KPAI: Orang Tua Kena PHK, Anak Putus Sekolah, Pernikahan Dini Makin Marak

Rabu, 17 Februari 2021 – 14:13 WIB
Ilustrasi pernikahan. Foto: Dokumen JPNN.com

jpnn.com, JAKARTA - Komisioner Komisi Perlindungan Anak Indonesia (KPAI) bidang pendidikan Retno Listyarti mengungkapkan, pandemi Covid-19 dan pembelajaran jarak jauh (PJJ) memicu peningkatan pernikahan anak.

Anak-anak yang putus sekolah karena orang tuanya terdampak pandemi, akhirnya menjalani pernikahan dini.

BACA JUGA: 5 Berita Terpopuler: Langkah Bu Risma Melambat, Juliari dan Edhy Pantas Dihukum Mati, Ancaman Novel Bamukmin

"Kebijakan penutupan sekolah dan pemberlakuan belajar dari rumah (BDR) atau pembelajaran jarak jauh (PJJ) menjadi salah satu pemicu peserta didik berhenti sekolah kemudian menikah dini atau siswa memilih bekerja membantu ekonomi keluarga karena orang tua kena PHK," jelas Retno di Jakarta, Rabu (17/2). 

Ketika anak menikah atau bekerja, otomatis mereka berhenti sekolah.
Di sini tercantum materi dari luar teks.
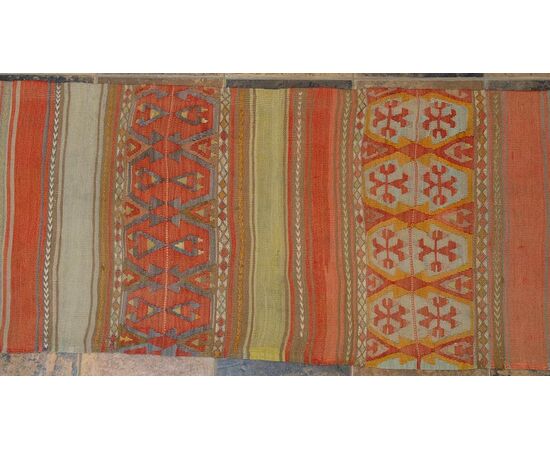 Kilim SIVAS Gallery - nr. 848 -     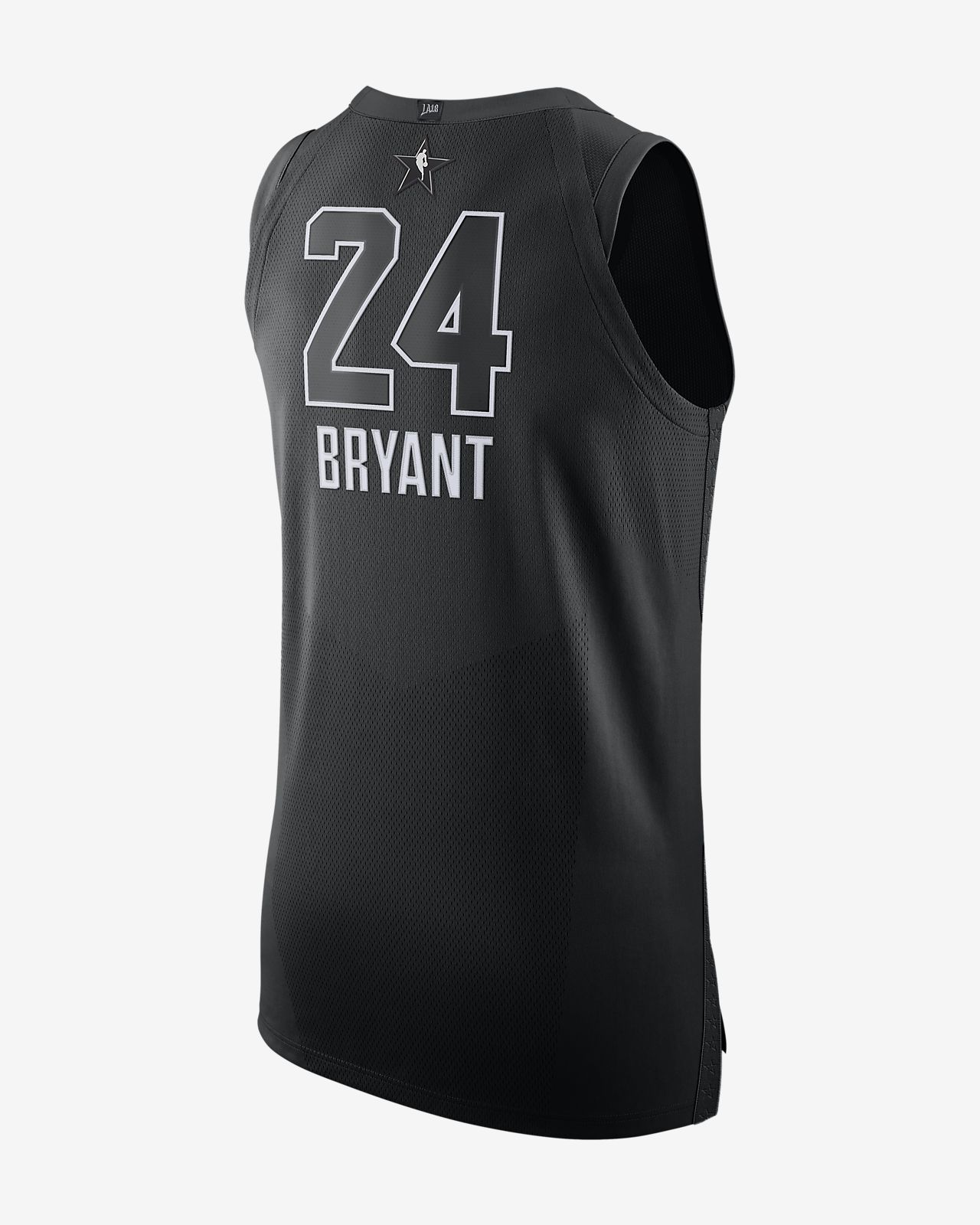 kobe authentic jersey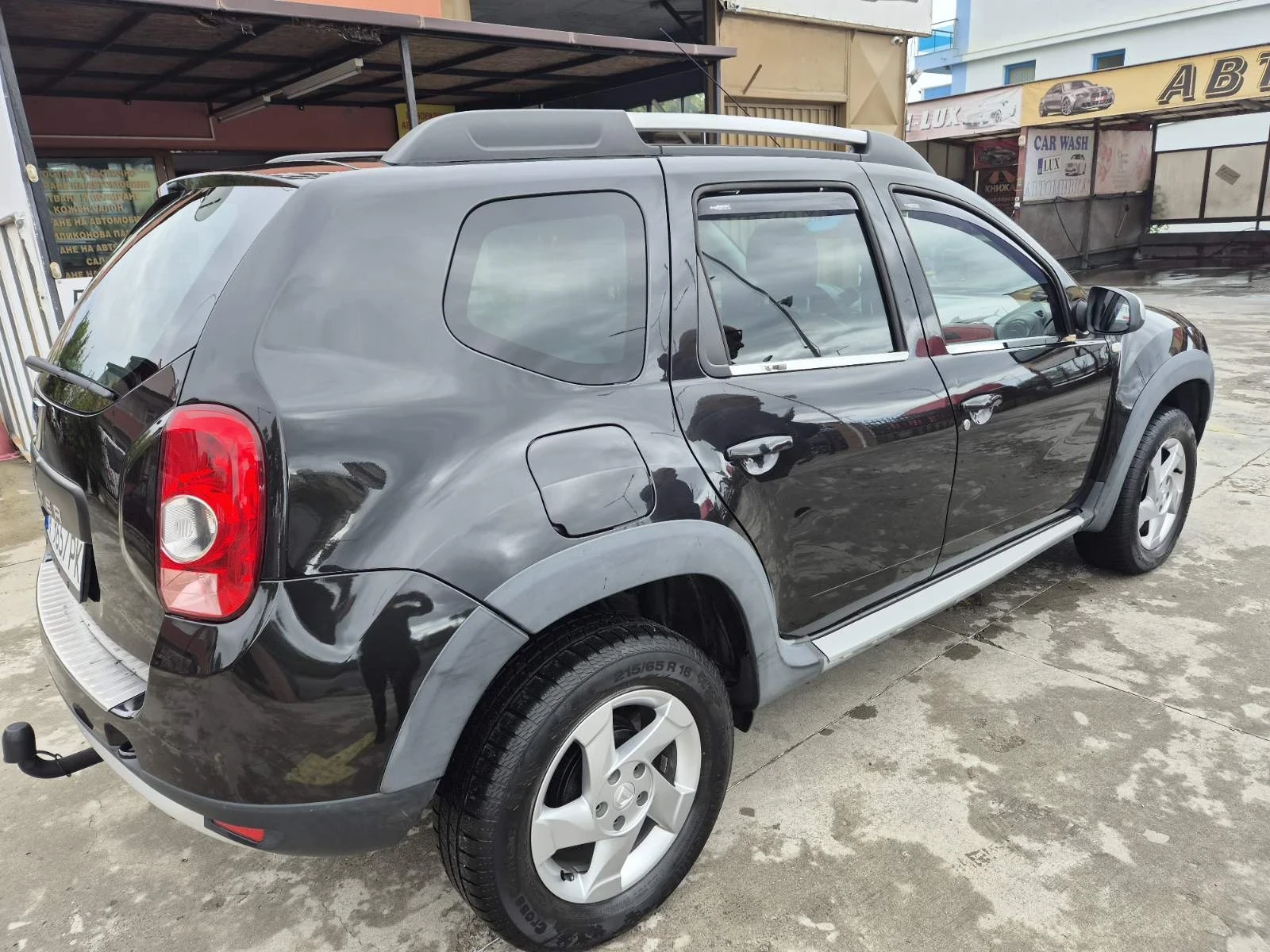 Dacia Duster | Mobile.bg   13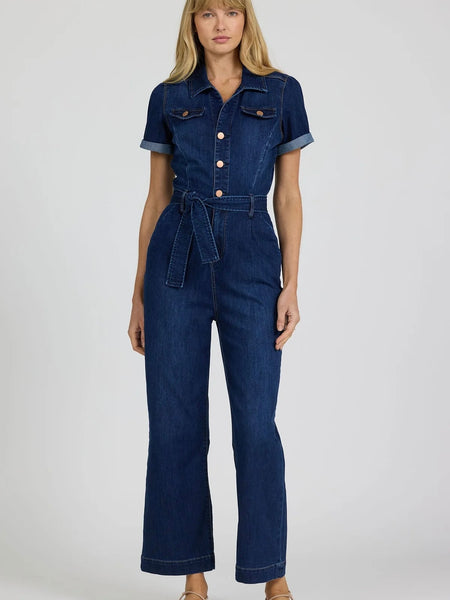 Riveter Jumper- Star Demand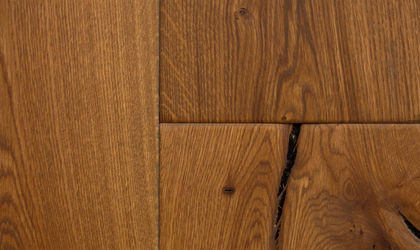 Eiken Parketvloer Massief - Middeleeuws Oud Eiken - Frederik II - Knulst Houten Vloeren - Nunspeet - www.knulsthoutenvloeren.nl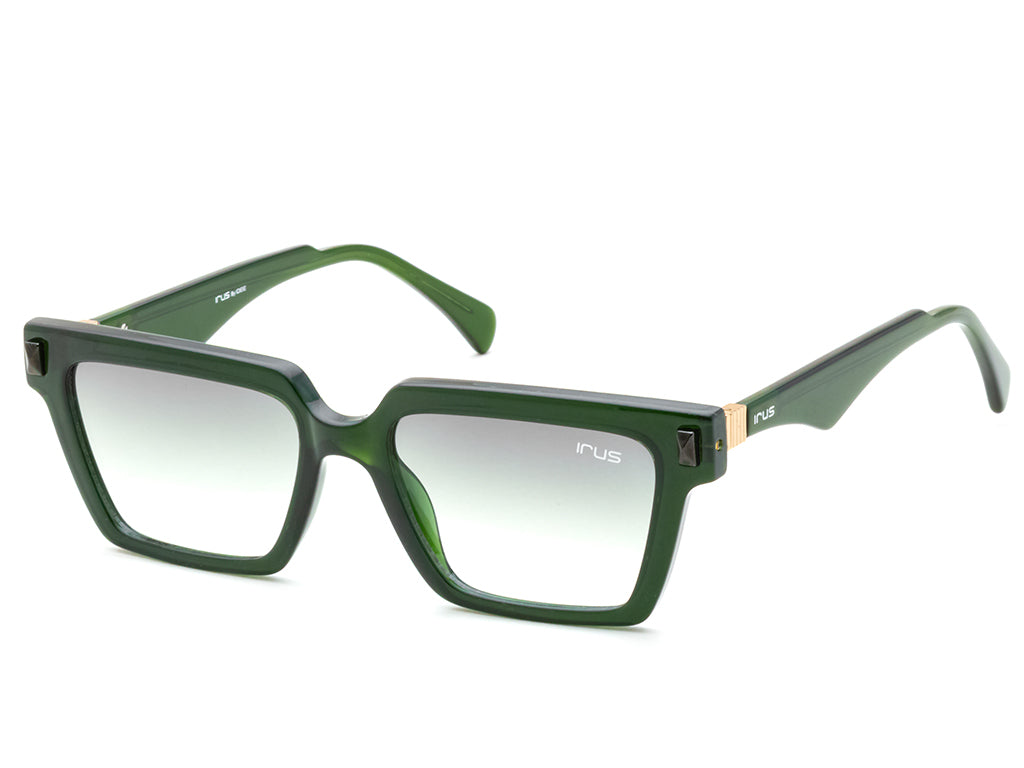 IRUS 1281 Men Rectangular Sunglasses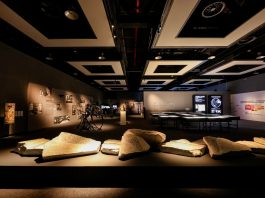 Arte: Shanghai, debuttano opere del padiglione Cina della 60esima Biennale di Venezia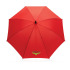 Parasol sztormowy 23" Impact AWARE™ rPET Czerwony P850.624 (5) thumbnail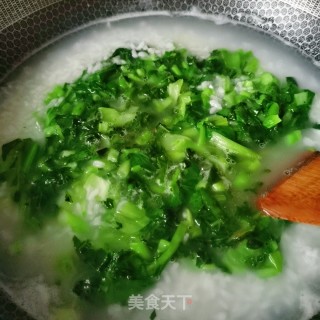 苏州青泡饭的做法步骤：10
Saat KPAI melakukan pengawasan penyiapan buka sekolah di masa pandemi pada 8 provinsi (seluruh provinsi di Pulau Jawa ditambah Nusa Tenggara Barat dan Bengkulu), ternyata beberapa kepala sekolah menyampaikan ada peserta didiknya yang putus sekolah.

BACA JUGA: Materi Roasting Singgung Betrand Peto, Ridwan Remin Dipanggil KPAI

Penyebabnya beragam, misalnya tidak memiliki alat daring. Kalau pun punya, mereka tidak mampu membeli kuota internet,  sehingga anak-anak tersebut selama berbulan-bulan tidak mengikuti PJJ, dan akhirnya ada yang memutuskan bekerja dan menikah.

 “Dari temuan KPAI, ada 119 peserta didik yang menikah, laki-laki maupun perempuan, yang usianya beriksar 15-18 tahun”, ujar Retno.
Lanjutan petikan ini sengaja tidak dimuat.